PROBLEM: Leave out any pictures and transcribe all other data below exactly.

DATA SHOWN:
----------------------------------------

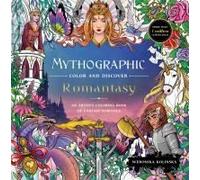 Mythographic Color and Discover Romantasy: An Artist’s Coloring Book of Fantasy Romance
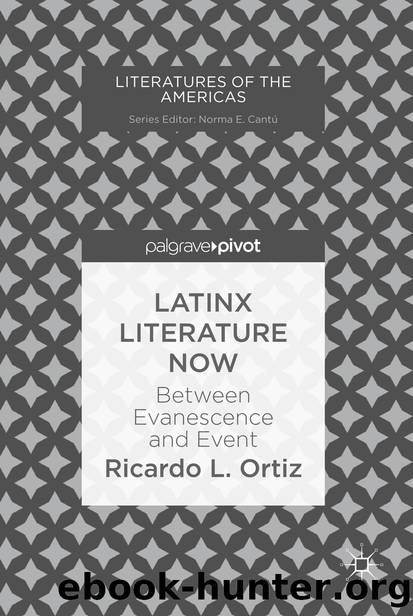 Latinx Literature Now by Ricardo L. Ortiz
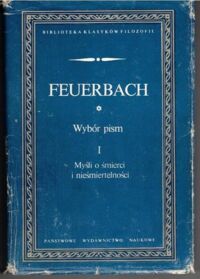 Miniatura okładki Feuerbach Ludwik Wybór pism. Tom I: Myśli o śmierci i nieśmiertelności. /Biblioteka Klasyków Filozofii/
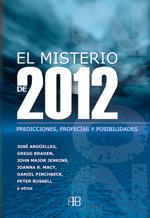 MISTERIO DE 2012 : PREDICCIONES, PROFECIAS Y POSIBILIDADE | 9788496111677 | IRIBARREN BERRADE, MIGUEL TR.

----------------------------------------

SOLUTION:
 Mythographic Color and Discover Romantasy: An Artist’s Coloring Book of Fantasy Romance
 Latinx Literature Now by Ricardo L. Ortiz
 Miniatura okładki Feuerbach Ludwik Wybór pism. Tom I: Myśli o śmierci i nieśmiertelności. /Biblioteka Klasyków Filozofii/
 MISTERIO DE 2012 : PREDICCIONES, PROFECIAS Y POSIBILIDADE | 9788496111677 | IRIBARREN BERRADE, MIGUEL TR.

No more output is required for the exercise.